> _YOUR ASSIGNMENT_
An exact copy is needed of the lines in the entries below from the line with "UK-0745 GUGAL Dhoop" up to and including the line with "Sheet of 1972 OPC Team Canada Cards", and of nothing else. Leave the pictures out.

── DATASET CONTENT ──

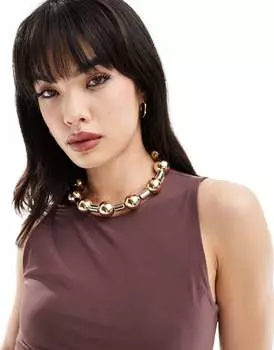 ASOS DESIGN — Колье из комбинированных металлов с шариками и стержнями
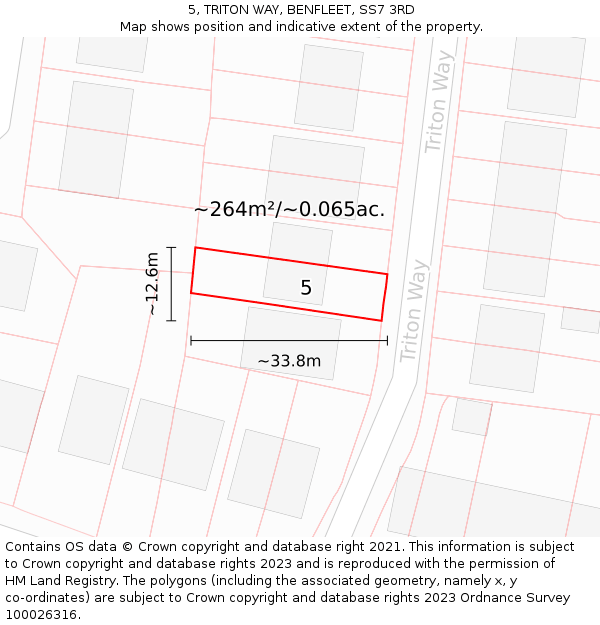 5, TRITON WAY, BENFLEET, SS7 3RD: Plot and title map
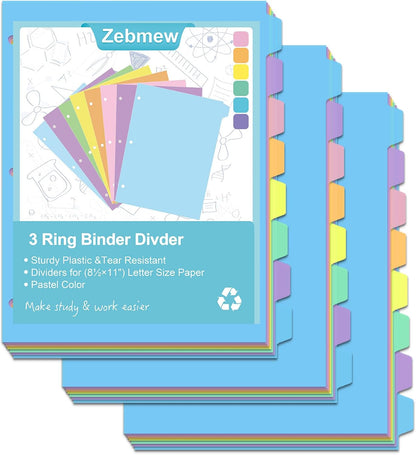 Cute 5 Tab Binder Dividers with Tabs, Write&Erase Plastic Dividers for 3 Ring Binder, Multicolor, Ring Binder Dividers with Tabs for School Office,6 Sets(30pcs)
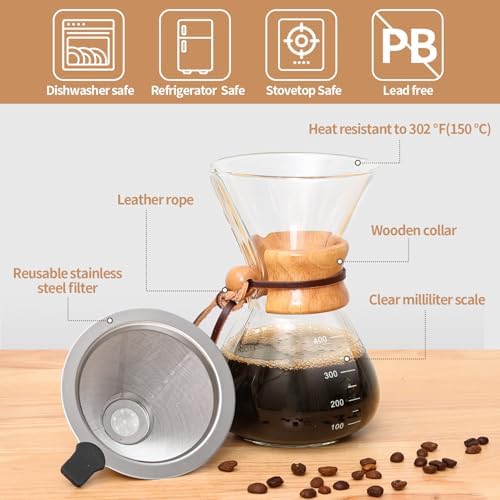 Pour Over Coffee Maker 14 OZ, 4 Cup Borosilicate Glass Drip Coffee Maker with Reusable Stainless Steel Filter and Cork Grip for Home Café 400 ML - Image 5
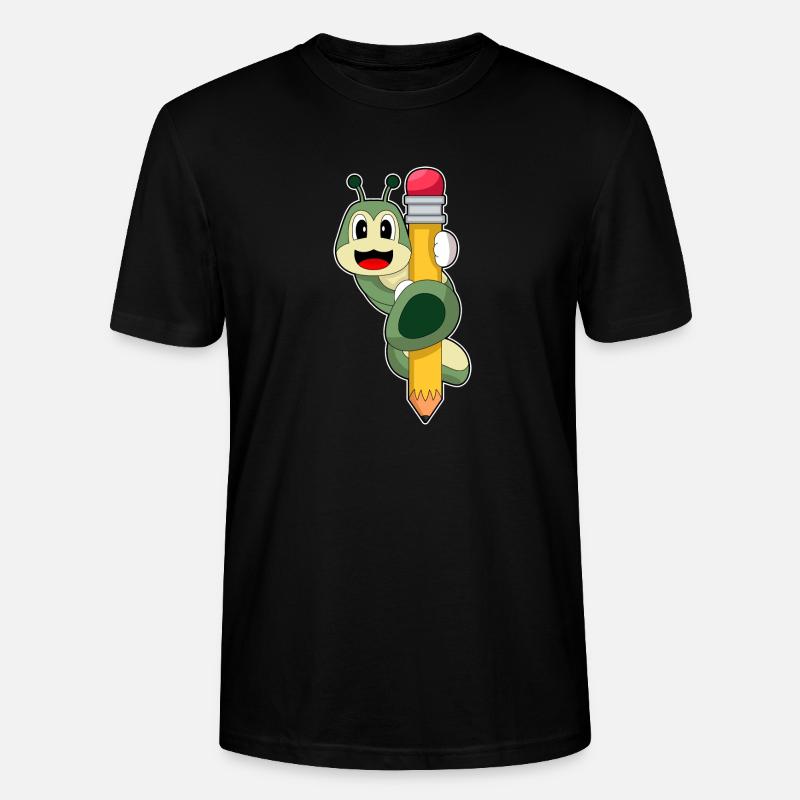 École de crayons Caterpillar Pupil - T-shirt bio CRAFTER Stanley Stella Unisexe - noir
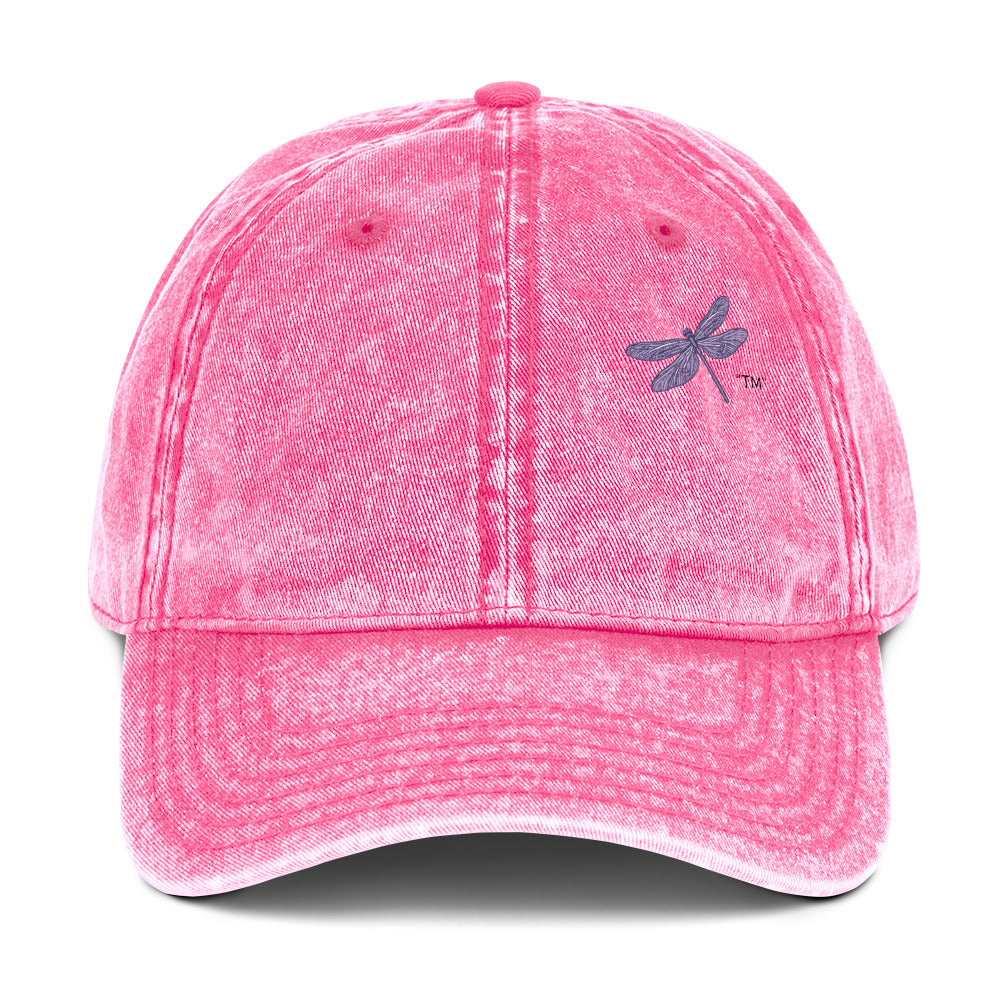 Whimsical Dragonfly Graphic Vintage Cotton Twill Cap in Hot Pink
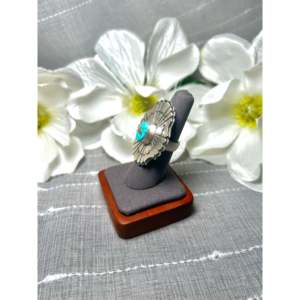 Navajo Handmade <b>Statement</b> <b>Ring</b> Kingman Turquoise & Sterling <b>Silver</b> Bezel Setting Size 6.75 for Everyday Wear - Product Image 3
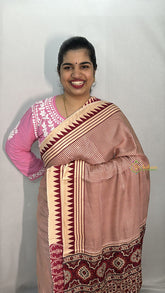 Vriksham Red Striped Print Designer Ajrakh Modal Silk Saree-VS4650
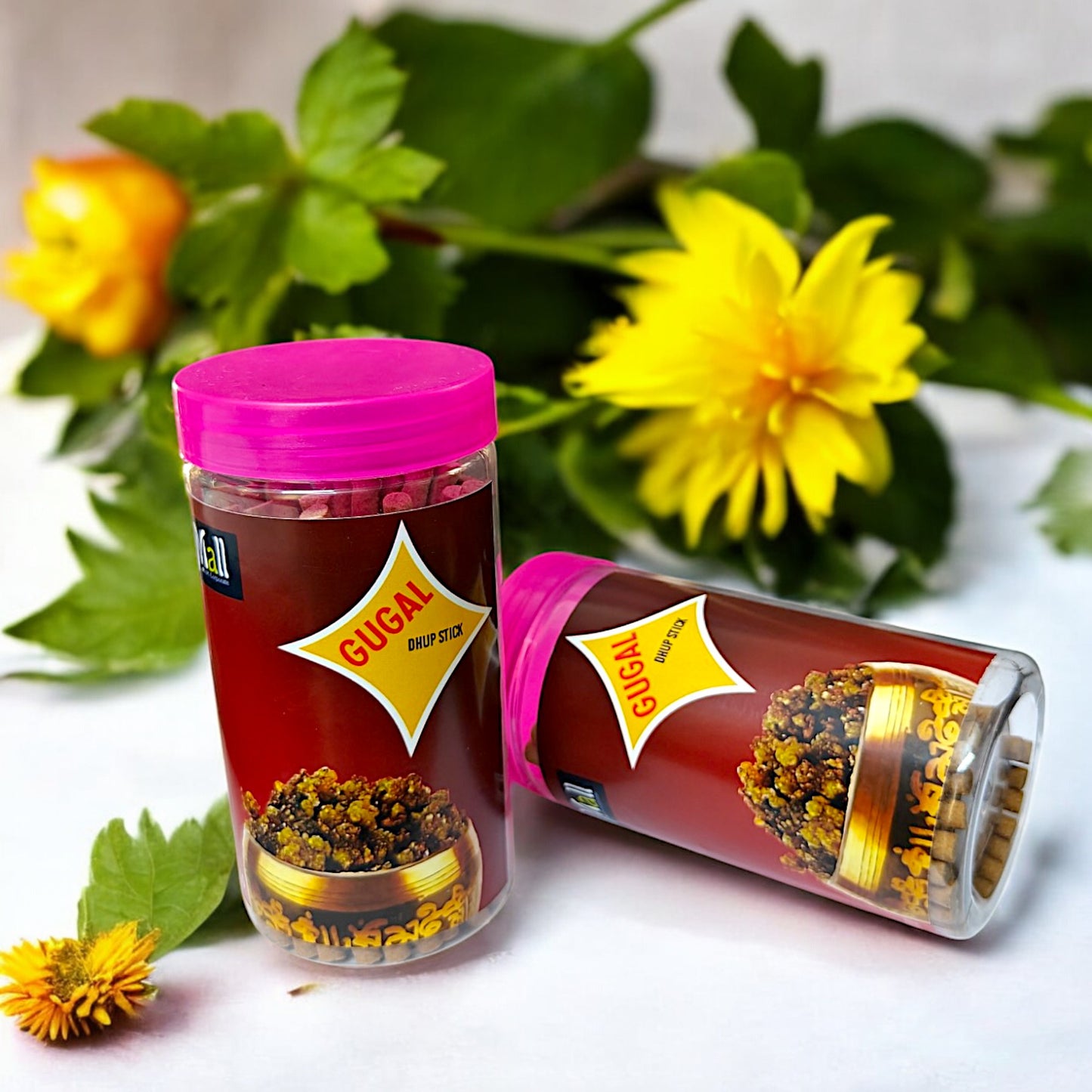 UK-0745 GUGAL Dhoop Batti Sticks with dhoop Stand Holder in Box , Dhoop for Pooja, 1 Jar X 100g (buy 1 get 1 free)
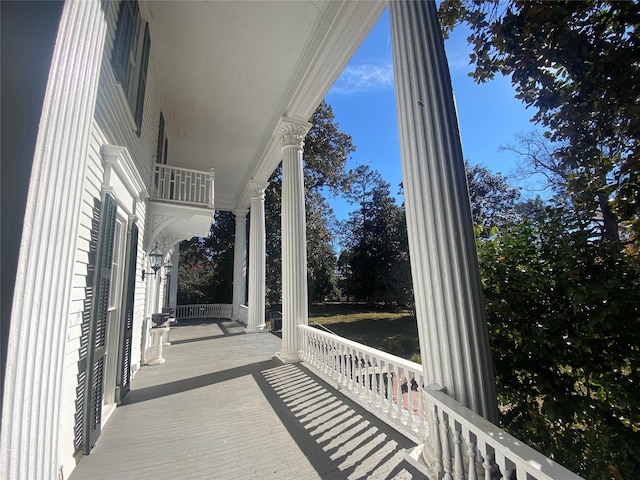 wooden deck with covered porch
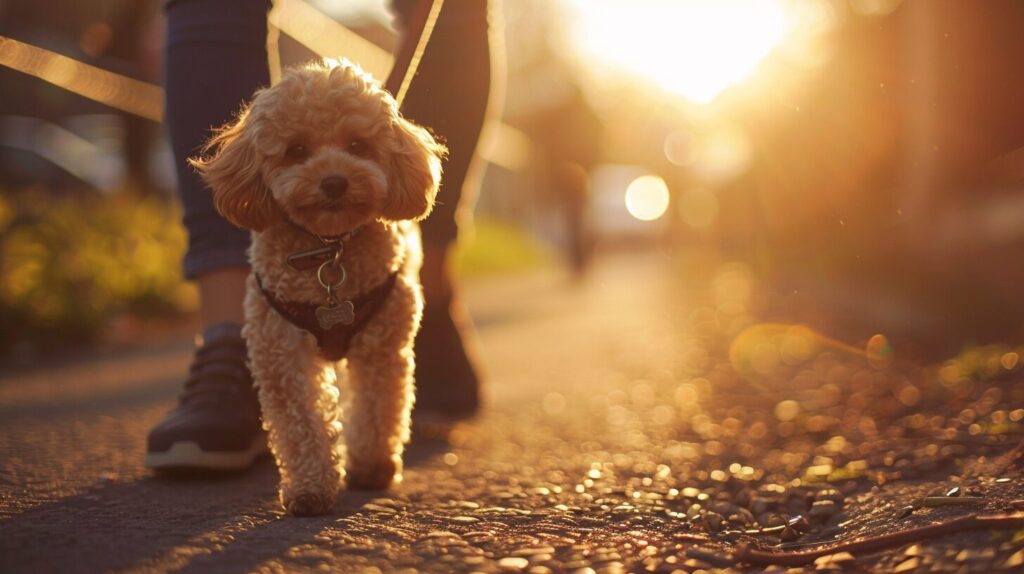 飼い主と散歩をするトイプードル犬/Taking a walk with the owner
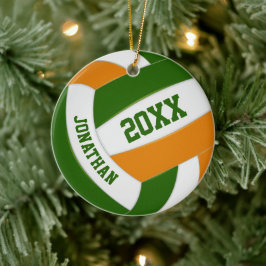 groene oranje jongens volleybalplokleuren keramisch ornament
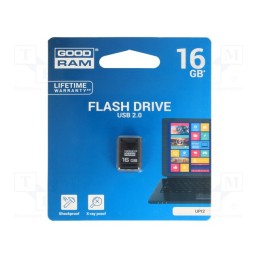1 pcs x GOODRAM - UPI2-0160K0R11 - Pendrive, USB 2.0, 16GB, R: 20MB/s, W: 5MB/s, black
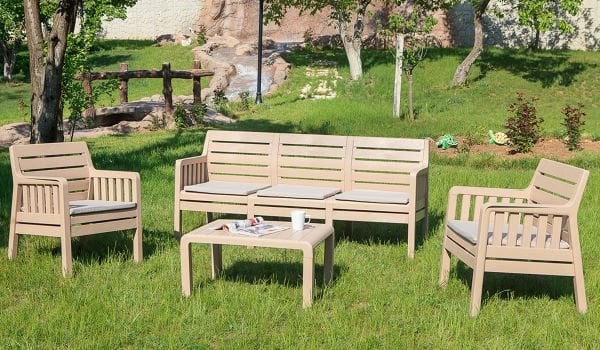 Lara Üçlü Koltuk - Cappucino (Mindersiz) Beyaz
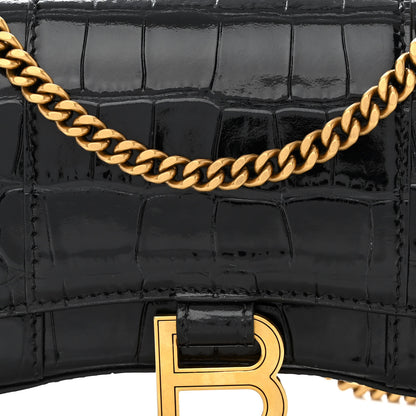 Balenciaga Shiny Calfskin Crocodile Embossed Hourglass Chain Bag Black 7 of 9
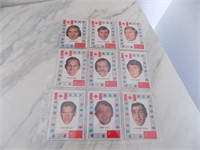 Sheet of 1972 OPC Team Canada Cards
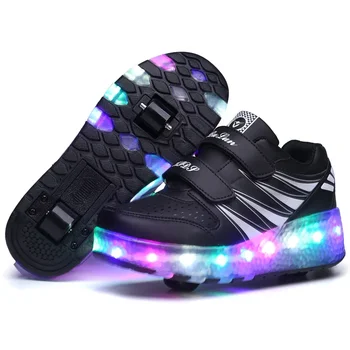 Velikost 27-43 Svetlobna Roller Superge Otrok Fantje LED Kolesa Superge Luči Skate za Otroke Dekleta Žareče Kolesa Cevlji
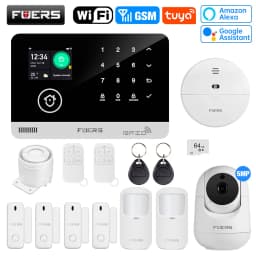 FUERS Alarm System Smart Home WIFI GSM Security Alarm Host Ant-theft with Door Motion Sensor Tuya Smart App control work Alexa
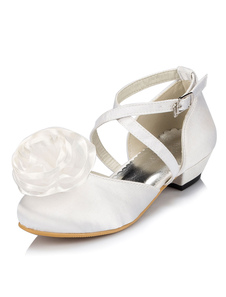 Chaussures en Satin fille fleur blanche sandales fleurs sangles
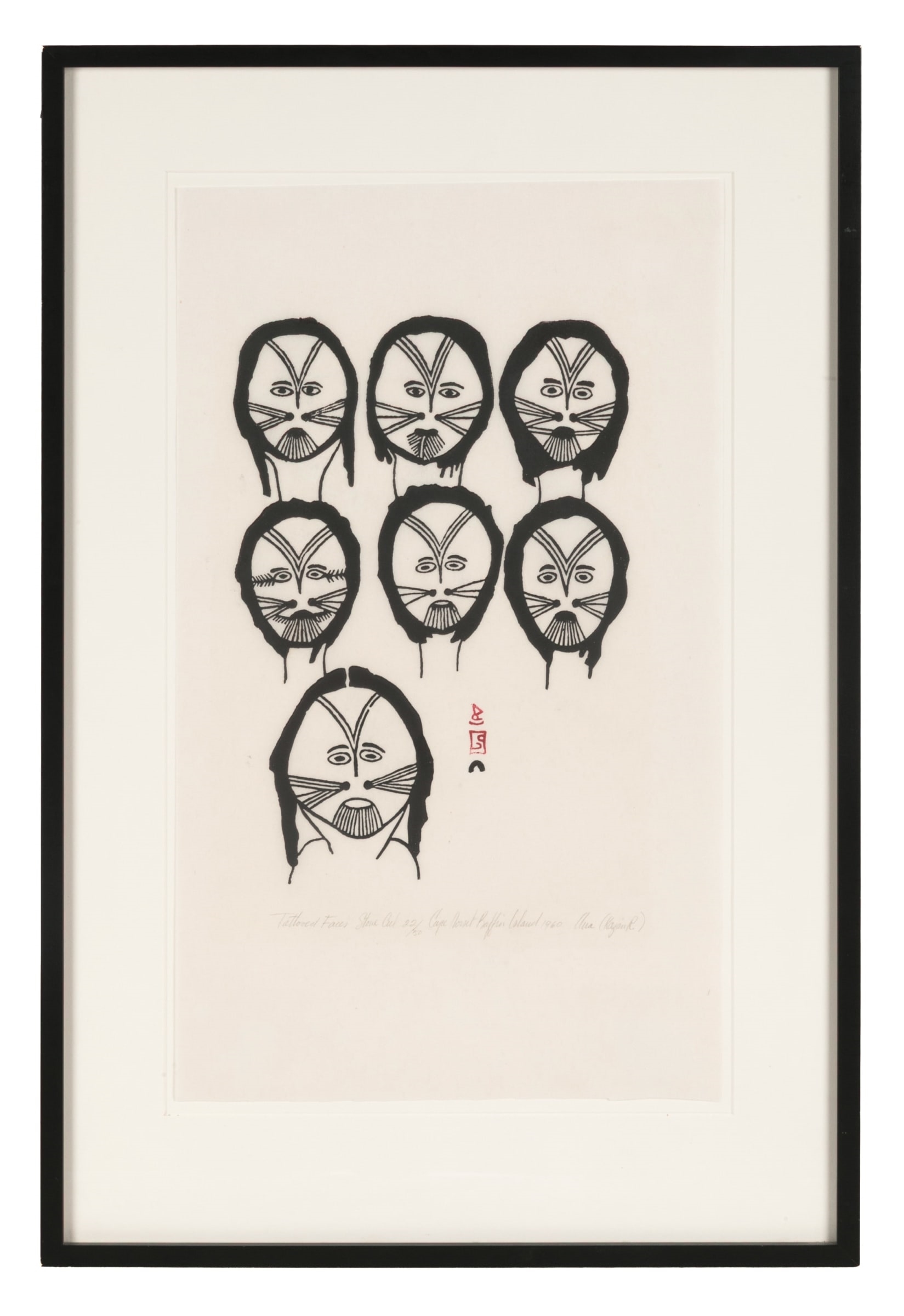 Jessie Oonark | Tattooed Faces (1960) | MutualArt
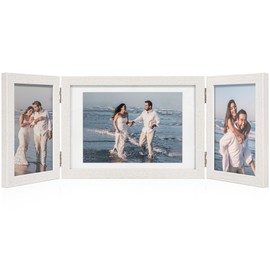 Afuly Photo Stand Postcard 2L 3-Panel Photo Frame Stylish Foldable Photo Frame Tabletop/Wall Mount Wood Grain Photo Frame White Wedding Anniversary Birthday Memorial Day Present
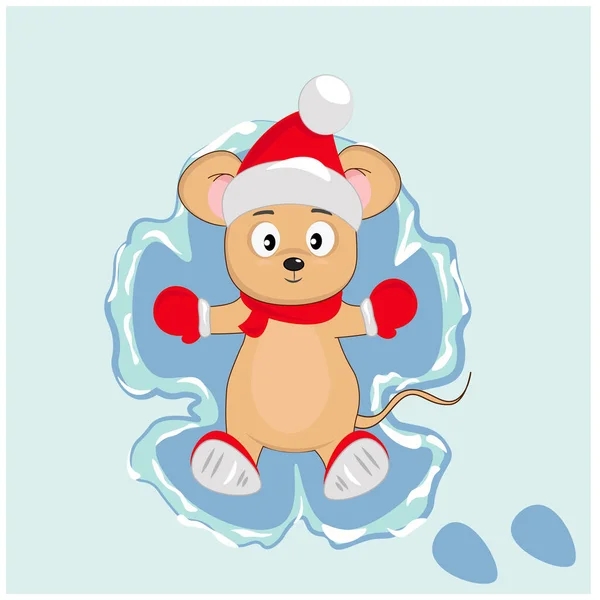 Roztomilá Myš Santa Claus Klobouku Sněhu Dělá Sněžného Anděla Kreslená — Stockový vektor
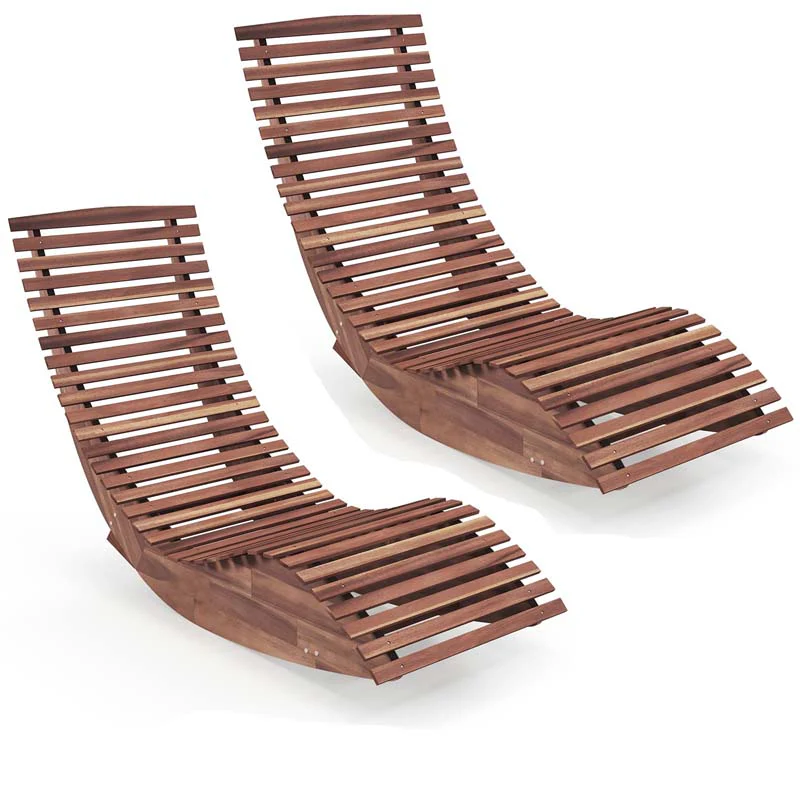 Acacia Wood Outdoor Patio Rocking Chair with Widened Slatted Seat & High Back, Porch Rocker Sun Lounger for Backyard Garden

───

> _REPLY TO THE EXERCISE_
 UK-0745 GUGAL Dhoop Batti Sticks with dhoop Stand Holder in Box , Dhoop for Pooja, 1 Jar X 100g (buy 1 get 1 free)
 wooden deck with covered porch
 飼い主と散歩をするトイプードル犬/Taking a walk with the owner
 groene oranje jongens volleybalplokleuren keramisch ornament
1 pcs x GOODRAM - UPI2-0160K0R11 - Pendrive, USB 2.0, 16GB, R: 20MB/s, W: 5MB/s, black
 Lara Üçlü Koltuk - Cappucino (Mindersiz) Beyaz
 Balenciaga Shiny Calfskin Crocodile Embossed Hourglass Chain Bag Black 7 of 9
 Sheet of 1972 OPC Team Canada Cards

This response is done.